Using a view controller and a UIScrollView together

Detecting touches in UIScrollView

One of the necessary steps to getting this to work properly would be to detect both touches and swipes in the UIScrollView instance and pass those messages along to the Cocos window.  Researching this in Google revealed the following forum posting which was a huge help.  The solution there is to use a UIViewController where the view in that controller is an instance of UIScrollView.  Here’s what that setup looks like in our codebase…

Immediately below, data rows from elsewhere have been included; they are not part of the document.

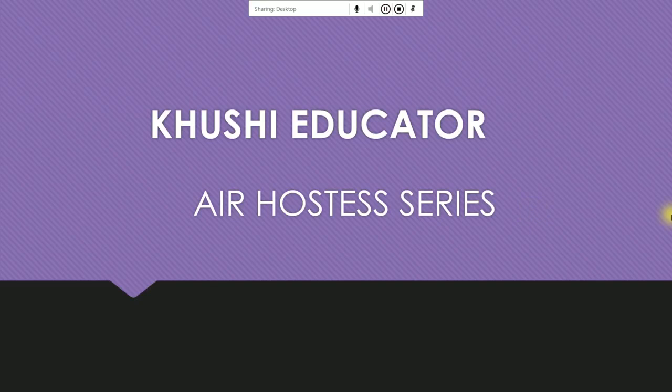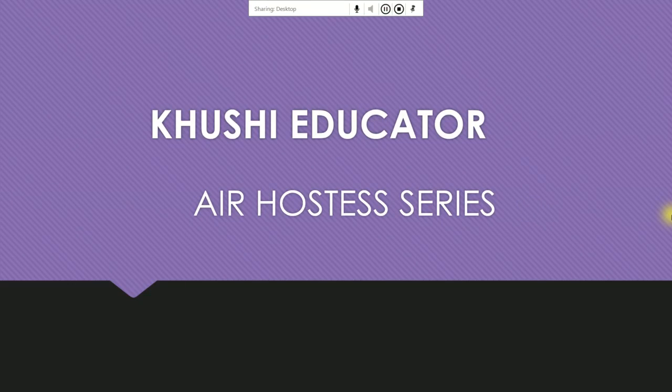Hello friends, welcome back to my channel Khushi Educator. Today we are making the third video. First of all, the main important requirement is age limit. So age limit which is different from airlines.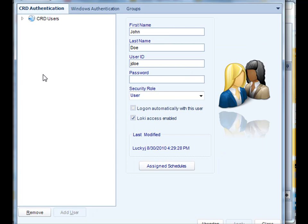Once you have these users set up, you can access and return here to change their settings as well. You can remove any users that no longer have any need for the software.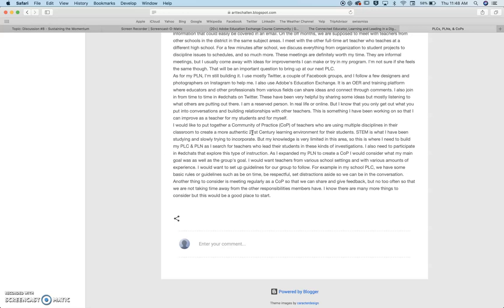And my focus is STEM, but other disciplines into the disciplines that I teach in an authentic way to create more of a 21st century learning environment.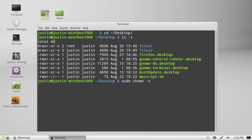From that point, we type in the user who we'd like to change the folder to — in this case, Justin — and also the actual name of the file. As you can see, it's files1. So: sudo chown -v for verbose mode, the username you'd like to change it to, and the name of the actual file.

CocosOverlayViewController.h

#import 
 
@interface CocosOverlayViewController : UIViewController
{
}
@end

CocosOverlayViewController.m

#import "CocosOverlayViewController.h"
#import "CocosOverlayScrollView.h"
 
@implementation CocosOverlayViewController
 
// Implement loadView to create a view hierarchy programmatically, without using a nib.
- (void)loadView
{
  CocosOverlayScrollView *scrollView = [[CocosOverlayScrollView alloc] initWithFrame:[UIScreen mainScreen].applicationFrame];
 
  // NOTE - I have hardcoded the size to 1024x1024 as that is the size of the levels in
  // our game.  Ideally this value would be parameterized or configurable.
  //
  scrollView.contentSize = CGSizeMake(1024, 1024);
 
  scrollView.delegate = scrollView;
  [scrollView setUserInteractionEnabled:TRUE];
  [scrollView setScrollEnabled:TRUE];
 
  self.view = scrollView;
 
  [scrollView release];
}
@end

CocosOverlayScrollView.h

#import 
 
@interface CocosOverlayScrollView : UIScrollView
{
}
@end

CocosOverlayScrollView.m

#import "CocosOverlayScrollView.h"
#import "cocos2d.h"
 
@implementation CocosOverlayScrollView
 
-(void) touchesBegan: (NSSet *) touches withEvent: (UIEvent *) event
{
  if (!self.dragging)
  {
    UITouch* touch = [[touches allObjects] objectAtIndex:0];
    CGPoint location = [touch locationInView: [touch view]];
 
    [self.nextResponder touchesBegan: touches withEvent:event];
    [[[Director sharedDirector] openGLView] touchesBegan:touches withEvent:event];
  }
 
  [super touchesBegan: touches withEvent: event];
}
 
-(void) touchesEnded: (NSSet *) touches withEvent: (UIEvent *) event
{
  if (!self.dragging)
  {
    [self.nextResponder touchesEnded: touches withEvent:event];
    [[[Director sharedDirector] openGLView] touchesEnded:touches withEvent:event];
  }
 
  [super touchesEnded: touches withEvent: event];
}
 
- (void)scrollViewWillBeginDecelerating:(UIScrollView *)scrollView
{
  // TODO - Custom code for handling deceleration of the scroll view
}
 
- (void)scrollViewDidScroll:(UIScrollView *)scrollView
{
  CGPoint dragPt = [scrollView contentOffset];
 
  Scene* currentScene = [[Director sharedDirector] runningScene];
 
  // Only take the top layer to modify but other layers could be retrieved as well
  //
  Layer* topLayer = (Layer *)[currentScene.children objectAtIndex:0];
 
  dragPt = [[Director sharedDirector] convertCoordinate:dragPt];
 
  dragPt.y = dragPt.y * -1;
  dragPt.x = dragPt.x * -1;
 
  CGPoint newLayerPosition = CGPointMake(dragPt.x + (scrollView.contentSize.height * 0.5f), dragPt.y + (scrollView.contentSize.width * 0.5f));
 
  [topLayer setPosition:newLayerPosition];
}
 
- (void)scrollViewWillBeginDragging:(UIScrollView *)scrollView
{
  CGPoint dragPt = [scrollView contentOffset];
 
}
@end

This is by no means a perfect solution yet as I still have some values hardcoded such as the size of the content for the scroll view window. I will certainly be working to improve the finer points but hopefully the core issues I’ve put together will be useful to some of you.  Our next dev video (when we get it posted) will show the scroll view in action.